You obviously don't just want no copies, but you want every number in a given set exactly once. This is, as commented by Robert, similar to shuffling a deck of cards. You don't have "decks" in C, but you can model one as an array:

int deck[] = {1,1,1,1,1,1,1,1,1,1};

This should represent 10 different "cards" (identified by their index in the array), each available one time.
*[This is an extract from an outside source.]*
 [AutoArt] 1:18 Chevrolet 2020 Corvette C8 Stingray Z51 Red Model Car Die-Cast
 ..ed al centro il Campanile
Now, just write code that "draws" cards:

int i = 0;  // starting point for searching for the next card to draw
for (int n = 10; n > 0; --n)  // how many cards are left
{
    int skip = rand() % n;  // randomly skip 0 .. n cards
    while (1)
    {
        if (deck[i])             // card still available?
        {
            if (!skip) break;    // none more to skip -> done
            --skip;              // else one less to skip
        }

        if (++i > 9) i = 0;      // advance index, wrapping around to 0
    }
    deck[i] = 0;              // draw the card
    printf("%d\n", i+1);      // and print it out
}

of course, seed the PRNG (e.g. srand(time(0))) first, so you don't get the same sequence every time.

0

The idea shown in the question is to print numbers within a range, without repetition. Here is one way to do that, by putting each value into an array and swapping its elements around.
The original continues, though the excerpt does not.